My post from yesterday is already out of date. Technorati.com now says it searches 24.5 million blogs. That’s 100,000 more than yesterday. Which leads me to ask two questions. What are all these people saying? And why are they saying it?
The past two days we’ve been talking about ways Christians can distinguish themselves in the blogosphere – in content and attitude. Today, I want to speak to an area that may not be as obvious – our motives.
Every action has one or more motives behind it, whether we’re aware or not. Sometimes our motives are godly, sometimes sinful. Often I find that my motives are mixed.
While there are countless reasons people blog, ultimately it comes down to two – am I blogging to bring glory to God or myself? Here are some tell tale signs that I’m pursuing the latter:
• I’m crushed by criticism
• I’m harsh in my disagreements with others
• I enjoy seeing my name in print, especially on someone else’s blog
• I check Sitemeter every hour to see who’s on my site
• I like to hear myself talk/write
• I Google my name every 30 minutes.
• I’m flippant in criticizing others
• I experience an emotional high when more people visit my site one day
I’m sure you can think of others. God’s words to us in James are relevant to blogging (and every other area of life):
Who is wise and understanding among you? By his good conduct let him show his works in the meekness of wisdom. But if you have bitter jealousy and selfish ambition in your hearts, do not boast and be false to the truth. This is not the wisdom that comes down from above, but is earthly, unspiritual, demonic. For where jealousy and selfish ambition exist, there will be disorder and every vile practice. But the wisdom from above is first pure, then peaceable, gentle, open to reason, full of mercy and good fruits, impartial and sincere.
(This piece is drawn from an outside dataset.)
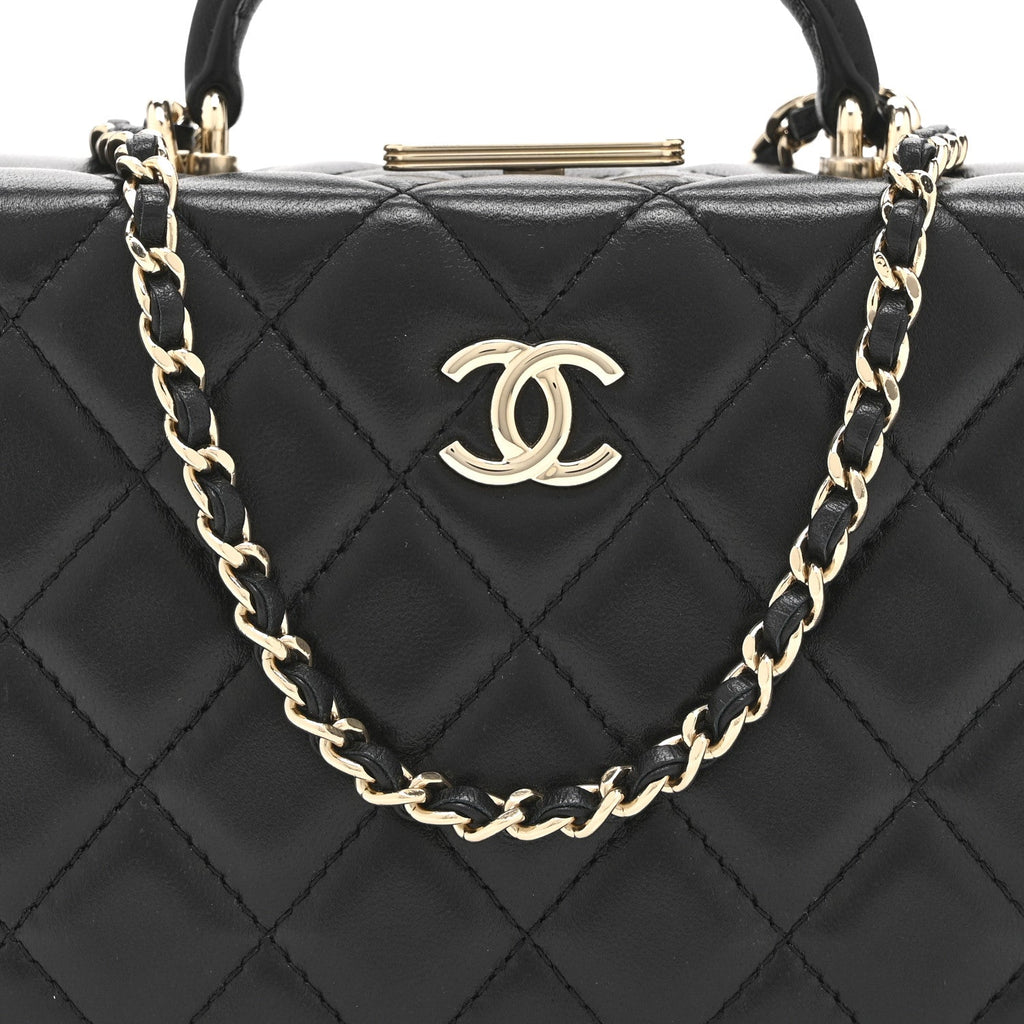 Chanel Lambskin Quilted Small CC Top Handle Box Bag Black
And a harvest of righteousness is sown in peace by those who make peace. (James 3:13-18, ESV)
The two motives we are called to fight here are bitter jealousy and selfish ambition. Bitter jealousy is grieving that I don’t have what someone else has – a cooler site design; more links; more comments, more visitors. It’s when I only want God to be glorified through ME, and don’t naturally rejoice when he chooses to use someone else.
Selfish ambition is similar to bitter jealousy, only more blatant. I want to be approved, applauded, admired. I want people to say kind things about me, whether or not I actually deserve it. I fear any kind of correction or feedback because it appears as though I’ve said or done something wrong. At root, selfish ambition is challenging God for the right to be worshiped. Sadly, it can motivate what we write.
God tells us that these sins are “earthly, unspiritual, and demonic.” I have to admit, I typically don’t think of my desire to be noticed in such radical, harsh terms. But then, I never see my sin like God does. As one Puritan said, “You see more defilement in my duties than I ever saw in any of my sins.”
The fruit of jealousy and selfish ambition is as predictable as it is damaging – disorder and every vile practice. When I’m confused, when I seem to be caught in a downward spiral of sin, I usually find that jealousy and ambition are the cause.
God’s solution is simple, but impossible apart from the Savior. Be humble. Be wise. Be “pure, peaceable, gentle, open to reason, full of mercy and good fruits, impartial and sincere.” That kind of blogging will bear fruit for eternity for the glory of Jesus Christ.
If you are a Christian blogger, I pray that you’ll allow God’s Spirit to clearly identify your motives for writing. Maybe some of us will realize we shouldn’t be blogging after all. Other might take it up. Whatever your situation, I pray you make it your aim to glorify the matchless Savior with every thought, every word, every choice, every action.
If you’re still interested, read on for a personal note:
I started Worshipmatters.com at the encouragement of a number of close friends in my church. I was persuaded that it might be helpful to share some of the biblical principles I’ve learned over the past 30 years related to music and worshipping God. I don’t know a lot, but I figured my mistakes alone would carry me for a few years.
I really want to serve people and honor my Savior through what I write here. I want to draw attention to the greatness of God’s power and the lavish display of His mercy at the cross. I want people to embrace the sufficiency of God’s Word and expect the activity of His Spirit in our lives. I also hope to suggest ways a theology of worship can be practically implemented in the church.
However, mixed in with those godly motives are some that I don’t particularly want to share with you. It took me almost five hours to write my first post. Why was that? As I confessed then, I didn’t want to look like a fool. I wanted people to think I was brilliant, creative, insightful, funny, and godly (not necessarily in that order). I realized that part of my motive in writing a blog was to impress people, to draw glory to myself. How pitiful. How sad. How dishonoring to my Savior.
But I continue to blog. Why? I’m persuaded that my desire to see my Savior exalted is greater than the desire to exalt myself. I know that Jesus completely paid the price for all my sins at the cross, and that motivates me to fight pride all the more. The issue is not how many people read what I write, but how faithfully I represent the Savior’s heart and purposes.
I pray this blog will be a means that encourages you to be faithful as well.